Emmy nominee Jessica Hobbs worked on season three returned to direct three episodes of the gripping fourth installment of The Crown – a series on streaming platform Netflix which chronicles the life of Queen Elizabeth II from the 1940s to modern times.
“When they first asked to meet with me, I thought 'really,'” she said.
“They (writers) had directors from different countries, they really love the outside point of view, they think you bring a sensibility and a freshness of perspective.”
In the latest season, the series introduces Lady Diana Spencer and the Iron Lady, British Prime Minister of the time Margaret Thatcher.

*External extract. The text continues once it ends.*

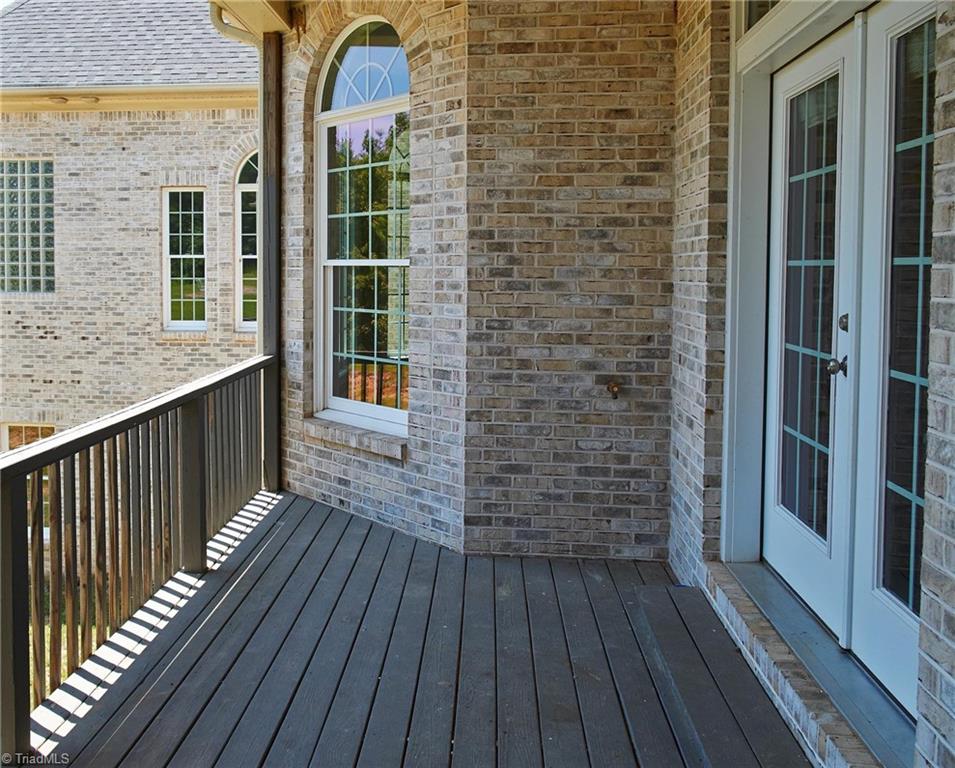 602 Bobcat Road Summerfield, NC 27358 - Photo 10 of 30 Enjoy serenity with your morning coffee on your private deck off the kitchen at the back of the house overlooking 10.2 acres of nature!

“I come from a deliberate feminine sensibility, I am looking at what moves me and what moves me is emotional journeys of characters and what they experience and I just think the real gift of directing is allowing an audience to hopefully have a transcendent experience in someone else’s shoes,” she said.
Hobbs’ interest in directing started at 14 when she was shown Franco Zeffirelli’s Romeo and Juliet at school and she thought someone gets to make that world.
From making short films, she worked her way through the ranks in New Zealand and Australia, with duties including McLeod’s Daughters and The Slap, before moving to London in 2014 where she worked on crime drama Broadchurch.
The Crown has drawn criticism from royal commentators who argue the royal drama should carry a disclaimer at the start of each episode to make it clear the series is a fictional drama.
“I can understand the concern with things that are conflated or perhaps a viewpoint has been taken when another viewpoint should be taken you just have to be open to that, that’s the reality’
Hobbs will return when casting and filming for season five begins next summer.
The proud Kiwi offers some directing advice to New Zealanders hoping to make it big in the industry.
“You can do this. If you want to go out in the world, people are so open to what New Zealand culture brings, so interested and engaged with the way we present and see the world, they see us as a very holistic beautiful country. I'd say get out there now,” she said.